Three years ago, Henry Ford Health System began to overhaul how its doctors and nurses care for patients outside the Detroit-based system's six hospitals. Now it must face the economic strains of its own success, as fewer patients turn up to fill hospital beds.
Since January, the number of patients admitted to Henry Ford hospitals has declined 6%, compared with a 2.5% inpatient decline overall in Southeast Michigan; Medicare patients who returned to the hospital within 30 days after discharge fell 19% during the same period. A boom in births has offset fewer patients who need cardiac, pulmonary or kidney care—but only partially.
“We think it's beginning to have an effect,” Dr. William Conway, Henry Ford's executive vice president and chief quality officer, said of the system's broad strategy to prevent hospitalizations. “These things really are working.”
But Henry Ford's drop in inpatient admissions is part of a national trend, and only some of it is thought to be because of care delivery reforms. Hospitals across the country continue to report flat or even declining inpatient growth, a trend that began with the Great Recession, but one that has continued into the economy's sputtering recovery. That slowdown has contributed to record-low growth in U.S. health spending—3.9% in 2009, 2010 and 2011. On the other hand, it has dragged down earnings for laboratory and medical-device companies that supply the healthcare provider sector.
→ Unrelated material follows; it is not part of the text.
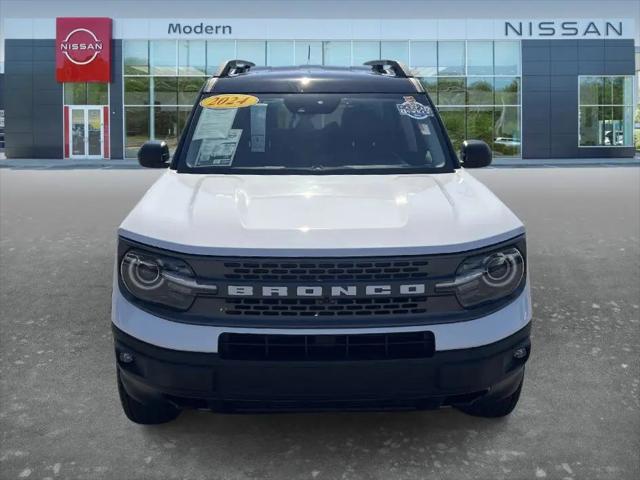 2024 Ford Bronco Sport Badlands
The trends are likely to continue, say analysts and hospital executives, because of the slow U.S. economic rebound; the continued rise of high-deductible insurance plans that constrain medical use; the growth in the number of patients who are held for observation instead of being admitted; and the reforms of payment and delivery models to better coordinate care, improve outcomes and lower costs. The drop in admissions is also related to the U.S. healthcare system's success stories, such as treating heart patients effectively without hospitalization.
“We feel that flat volume is, in fact, the new normal,” said Martin Arrick, a managing director for Standard & Poor's who oversees the rating's agency review of not-for-profit healthcare.